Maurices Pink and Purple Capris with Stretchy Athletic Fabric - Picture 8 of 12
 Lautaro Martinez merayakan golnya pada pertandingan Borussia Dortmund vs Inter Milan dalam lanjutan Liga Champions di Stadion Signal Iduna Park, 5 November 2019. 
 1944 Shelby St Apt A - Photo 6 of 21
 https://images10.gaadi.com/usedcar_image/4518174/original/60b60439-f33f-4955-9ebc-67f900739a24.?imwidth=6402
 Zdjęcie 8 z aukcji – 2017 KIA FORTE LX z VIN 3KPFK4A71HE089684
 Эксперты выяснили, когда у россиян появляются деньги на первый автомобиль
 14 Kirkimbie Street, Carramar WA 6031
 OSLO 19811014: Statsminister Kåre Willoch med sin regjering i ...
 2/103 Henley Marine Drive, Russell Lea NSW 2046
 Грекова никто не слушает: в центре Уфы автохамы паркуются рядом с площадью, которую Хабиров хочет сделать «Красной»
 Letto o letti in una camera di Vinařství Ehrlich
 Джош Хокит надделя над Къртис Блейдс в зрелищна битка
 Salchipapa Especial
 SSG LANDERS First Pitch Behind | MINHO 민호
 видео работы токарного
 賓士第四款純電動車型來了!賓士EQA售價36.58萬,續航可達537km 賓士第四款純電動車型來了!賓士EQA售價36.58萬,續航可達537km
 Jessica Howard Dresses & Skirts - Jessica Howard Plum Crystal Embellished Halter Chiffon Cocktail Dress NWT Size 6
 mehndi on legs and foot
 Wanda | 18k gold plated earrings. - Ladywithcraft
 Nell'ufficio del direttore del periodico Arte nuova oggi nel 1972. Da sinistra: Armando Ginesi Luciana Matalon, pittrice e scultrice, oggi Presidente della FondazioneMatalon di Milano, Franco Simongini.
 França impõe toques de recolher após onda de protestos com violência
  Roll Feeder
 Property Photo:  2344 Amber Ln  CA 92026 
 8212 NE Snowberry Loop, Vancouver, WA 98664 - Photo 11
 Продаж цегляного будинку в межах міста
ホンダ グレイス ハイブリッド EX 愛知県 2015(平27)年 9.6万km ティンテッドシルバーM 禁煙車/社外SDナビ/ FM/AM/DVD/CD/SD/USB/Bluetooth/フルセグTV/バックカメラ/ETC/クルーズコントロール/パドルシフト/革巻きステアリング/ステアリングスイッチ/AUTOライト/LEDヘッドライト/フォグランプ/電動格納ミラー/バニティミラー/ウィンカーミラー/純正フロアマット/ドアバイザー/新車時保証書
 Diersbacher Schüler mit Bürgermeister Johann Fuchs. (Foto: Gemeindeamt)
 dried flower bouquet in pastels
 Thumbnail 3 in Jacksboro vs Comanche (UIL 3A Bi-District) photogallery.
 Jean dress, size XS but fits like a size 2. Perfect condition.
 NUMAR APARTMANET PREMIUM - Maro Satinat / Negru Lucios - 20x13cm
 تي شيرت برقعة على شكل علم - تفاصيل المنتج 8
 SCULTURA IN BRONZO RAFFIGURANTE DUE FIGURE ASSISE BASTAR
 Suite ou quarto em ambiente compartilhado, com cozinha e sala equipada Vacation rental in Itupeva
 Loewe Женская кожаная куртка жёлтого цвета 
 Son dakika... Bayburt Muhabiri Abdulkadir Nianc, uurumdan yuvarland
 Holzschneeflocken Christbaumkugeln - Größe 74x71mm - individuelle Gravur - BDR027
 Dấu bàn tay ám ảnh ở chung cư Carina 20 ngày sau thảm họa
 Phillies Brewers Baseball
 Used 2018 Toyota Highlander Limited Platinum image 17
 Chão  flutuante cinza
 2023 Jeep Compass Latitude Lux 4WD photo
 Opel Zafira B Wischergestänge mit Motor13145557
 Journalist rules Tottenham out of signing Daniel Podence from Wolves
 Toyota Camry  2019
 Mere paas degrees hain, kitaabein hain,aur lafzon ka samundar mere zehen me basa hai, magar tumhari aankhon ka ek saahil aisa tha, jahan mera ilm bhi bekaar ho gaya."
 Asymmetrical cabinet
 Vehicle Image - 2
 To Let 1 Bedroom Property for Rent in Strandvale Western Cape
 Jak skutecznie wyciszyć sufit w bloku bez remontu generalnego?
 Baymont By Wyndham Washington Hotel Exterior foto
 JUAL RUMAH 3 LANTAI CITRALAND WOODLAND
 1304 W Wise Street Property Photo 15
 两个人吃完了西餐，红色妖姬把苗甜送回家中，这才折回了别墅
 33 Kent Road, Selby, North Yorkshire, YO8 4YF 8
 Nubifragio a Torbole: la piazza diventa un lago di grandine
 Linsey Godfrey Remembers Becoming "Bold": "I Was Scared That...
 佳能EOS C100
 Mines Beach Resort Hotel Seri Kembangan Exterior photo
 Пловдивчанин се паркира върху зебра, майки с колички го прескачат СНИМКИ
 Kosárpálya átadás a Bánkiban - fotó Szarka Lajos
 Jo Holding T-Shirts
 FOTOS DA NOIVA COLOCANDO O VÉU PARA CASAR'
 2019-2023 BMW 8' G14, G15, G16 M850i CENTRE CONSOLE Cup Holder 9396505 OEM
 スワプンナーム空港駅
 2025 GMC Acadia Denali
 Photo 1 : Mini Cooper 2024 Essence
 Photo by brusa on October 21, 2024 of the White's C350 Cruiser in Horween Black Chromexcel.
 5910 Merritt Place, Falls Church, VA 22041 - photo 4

== To do ==
Lines from the start of the records through the one containing "Salchipapa Especial" are what should be retyped, exactly and in full, both ends included.

== Problem solution ==
Maurices Pink and Purple Capris with Stretchy Athletic Fabric - Picture 8 of 12
 Lautaro Martinez merayakan golnya pada pertandingan Borussia Dortmund vs Inter Milan dalam lanjutan Liga Champions di Stadion Signal Iduna Park, 5 November 2019. 
 1944 Shelby St Apt A - Photo 6 of 21
 https://images10.gaadi.com/usedcar_image/4518174/original/60b60439-f33f-4955-9ebc-67f900739a24.?imwidth=6402
 Zdjęcie 8 z aukcji – 2017 KIA FORTE LX z VIN 3KPFK4A71HE089684
 Эксперты выяснили, когда у россиян появляются деньги на первый автомобиль
 14 Kirkimbie Street, Carramar WA 6031
 OSLO 19811014: Statsminister Kåre Willoch med sin regjering i ...
 2/103 Henley Marine Drive, Russell Lea NSW 2046
 Грекова никто не слушает: в центре Уфы автохамы паркуются рядом с площадью, которую Хабиров хочет сделать «Красной»
 Letto o letti in una camera di Vinařství Ehrlich
 Джош Хокит надделя над Къртис Блейдс в зрелищна битка
 Salchipapa Especial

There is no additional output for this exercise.